Web page caption snippets:

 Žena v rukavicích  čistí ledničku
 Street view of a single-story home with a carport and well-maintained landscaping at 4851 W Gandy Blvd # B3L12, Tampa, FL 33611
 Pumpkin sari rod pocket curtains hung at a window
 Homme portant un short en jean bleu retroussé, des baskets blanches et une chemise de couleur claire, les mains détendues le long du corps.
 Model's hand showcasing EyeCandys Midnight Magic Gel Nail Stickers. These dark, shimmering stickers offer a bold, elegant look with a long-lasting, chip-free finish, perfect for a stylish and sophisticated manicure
* * *
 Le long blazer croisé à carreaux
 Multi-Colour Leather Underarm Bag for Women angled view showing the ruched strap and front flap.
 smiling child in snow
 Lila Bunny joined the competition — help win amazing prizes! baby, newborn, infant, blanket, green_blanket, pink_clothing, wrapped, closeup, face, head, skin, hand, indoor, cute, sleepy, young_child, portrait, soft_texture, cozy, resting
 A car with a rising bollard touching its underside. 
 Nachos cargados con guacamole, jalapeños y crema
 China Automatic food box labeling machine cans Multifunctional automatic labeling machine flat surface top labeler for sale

**Exercise goal:** Only the lines above starting at the one containing "Lila Bunny joined" and ending at the one containing "China Automatic food", both included, are to be returned, exactly as they read.

**Task output:**
 Lila Bunny joined the competition — help win amazing prizes! baby, newborn, infant, blanket, green_blanket, pink_clothing, wrapped, closeup, face, head, skin, hand, indoor, cute, sleepy, young_child, portrait, soft_texture, cozy, resting
 A car with a rising bollard touching its underside. 
 Nachos cargados con guacamole, jalapeños y crema
 China Automatic food box labeling machine cans Multifunctional automatic labeling machine flat surface top labeler for sale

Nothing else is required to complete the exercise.